━━━━━ GIVEN RECORDS ━━━━━

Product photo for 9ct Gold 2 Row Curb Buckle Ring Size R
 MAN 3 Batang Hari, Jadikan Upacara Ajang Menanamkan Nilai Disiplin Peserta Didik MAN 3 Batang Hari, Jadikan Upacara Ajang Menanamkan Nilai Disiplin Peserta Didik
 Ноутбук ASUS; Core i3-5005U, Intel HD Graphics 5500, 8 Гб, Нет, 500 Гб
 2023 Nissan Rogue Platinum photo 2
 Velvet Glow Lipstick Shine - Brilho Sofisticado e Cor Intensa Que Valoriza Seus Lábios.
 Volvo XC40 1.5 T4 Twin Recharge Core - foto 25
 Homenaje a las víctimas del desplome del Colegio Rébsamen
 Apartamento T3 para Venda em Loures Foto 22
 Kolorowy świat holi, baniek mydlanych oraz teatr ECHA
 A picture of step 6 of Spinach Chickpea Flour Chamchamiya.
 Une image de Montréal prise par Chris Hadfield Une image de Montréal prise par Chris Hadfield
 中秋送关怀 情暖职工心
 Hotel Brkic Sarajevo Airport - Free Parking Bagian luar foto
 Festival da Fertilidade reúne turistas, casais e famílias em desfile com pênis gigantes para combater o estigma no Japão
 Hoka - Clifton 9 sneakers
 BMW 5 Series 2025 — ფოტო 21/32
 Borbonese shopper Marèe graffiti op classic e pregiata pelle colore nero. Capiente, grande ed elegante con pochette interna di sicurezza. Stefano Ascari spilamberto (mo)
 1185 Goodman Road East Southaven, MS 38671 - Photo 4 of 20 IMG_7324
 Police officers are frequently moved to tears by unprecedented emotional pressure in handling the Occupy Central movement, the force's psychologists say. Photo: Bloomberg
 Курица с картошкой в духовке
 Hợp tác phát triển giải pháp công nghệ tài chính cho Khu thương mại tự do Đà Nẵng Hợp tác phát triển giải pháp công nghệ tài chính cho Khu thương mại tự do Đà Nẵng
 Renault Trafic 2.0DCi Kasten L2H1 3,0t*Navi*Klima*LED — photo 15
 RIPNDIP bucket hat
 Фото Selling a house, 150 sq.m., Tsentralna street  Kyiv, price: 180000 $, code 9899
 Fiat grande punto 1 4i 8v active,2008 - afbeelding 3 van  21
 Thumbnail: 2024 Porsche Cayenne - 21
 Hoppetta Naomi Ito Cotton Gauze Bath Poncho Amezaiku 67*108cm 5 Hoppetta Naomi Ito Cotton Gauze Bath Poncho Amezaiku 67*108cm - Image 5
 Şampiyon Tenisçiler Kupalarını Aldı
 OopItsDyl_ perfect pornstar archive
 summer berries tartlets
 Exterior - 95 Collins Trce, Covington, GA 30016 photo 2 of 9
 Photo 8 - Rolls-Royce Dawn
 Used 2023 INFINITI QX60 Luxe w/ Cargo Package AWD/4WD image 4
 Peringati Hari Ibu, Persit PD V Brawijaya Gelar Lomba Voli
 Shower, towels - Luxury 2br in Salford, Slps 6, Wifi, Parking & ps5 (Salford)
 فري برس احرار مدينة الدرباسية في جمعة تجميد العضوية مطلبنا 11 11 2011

━━━━━

• [WHAT IS BEING ASKED]:
Extract from the records above the lines from the one containing "2023 Nissan Rogue Platinum photo 2" to the one containing "中秋送关怀 情暖职工心", both lines included, exactly as they appear and with nothing else.

• [RESPONSE]:
 2023 Nissan Rogue Platinum photo 2
 Velvet Glow Lipstick Shine - Brilho Sofisticado e Cor Intensa Que Valoriza Seus Lábios.
 Volvo XC40 1.5 T4 Twin Recharge Core - foto 25
 Homenaje a las víctimas del desplome del Colegio Rébsamen
 Apartamento T3 para Venda em Loures Foto 22
 Kolorowy świat holi, baniek mydlanych oraz teatr ECHA
 A picture of step 6 of Spinach Chickpea Flour Chamchamiya.
 Une image de Montréal prise par Chris Hadfield Une image de Montréal prise par Chris Hadfield
 中秋送关怀 情暖职工心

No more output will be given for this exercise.